Et dans les rares cas où des intervenants admettaient la possibilité de critiquer Israël, beaucoup suggéraient que ces discussions restent privées.

«Vous devez faire preuve d'un soutien indéfectible à Israël, en prenant position publiquement et législativement à ses côtés en ces temps de diffamation sans précédent», a déclaré Langer. «Parallèlement, nous devons créer des espaces internes propices à des échanges honnêtes, nuancés et instructifs sur Israël».

Pourtant, la plupart des intervenants semblaient rejeter l'idée qu'il faille consoler les juifs mal à l'aise face au soutien traditionnel de l'establishment juif à Israël.
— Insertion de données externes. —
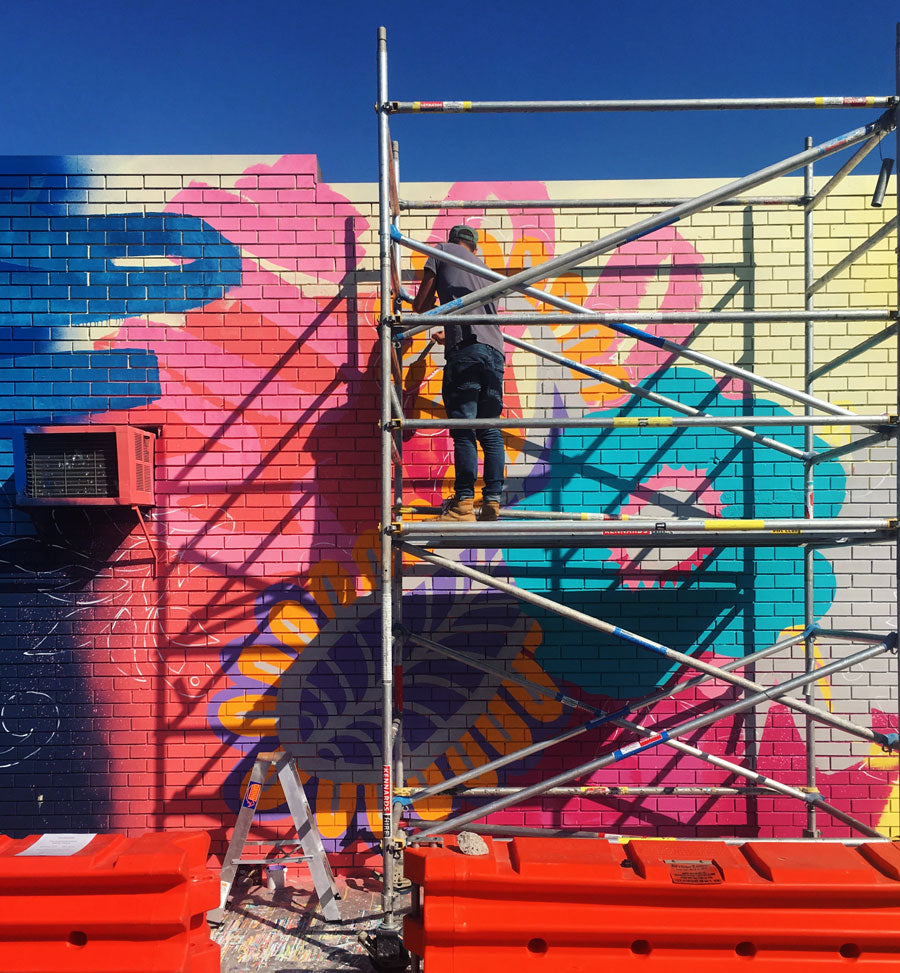 Adornment - Little India Precinct Mural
Mark Charendoff, qui dirige le très influent Fonds Maïmonide, proche de la droite, a déclaré qu'il était en train de réorienter les priorités de l'organisation vers la lutte contre les ennemis du peuple juif, après des années consacrées à mobiliser les jeunes juifs.

Charendoff a déclaré que cette nouvelle stratégie implique de nouer des alliances avec des personnes «avec lesquelles nous pourrions être en désaccord sur 80%» tant que «nous sommes d'accord avec elles sur Israël».

«Nos ennemis tentent de normaliser l'antisionisme», a déclaré Charendoff. «Nous devons réintégrer Israël dans le débat, la mentalité et l'éthique du judaïsme américain».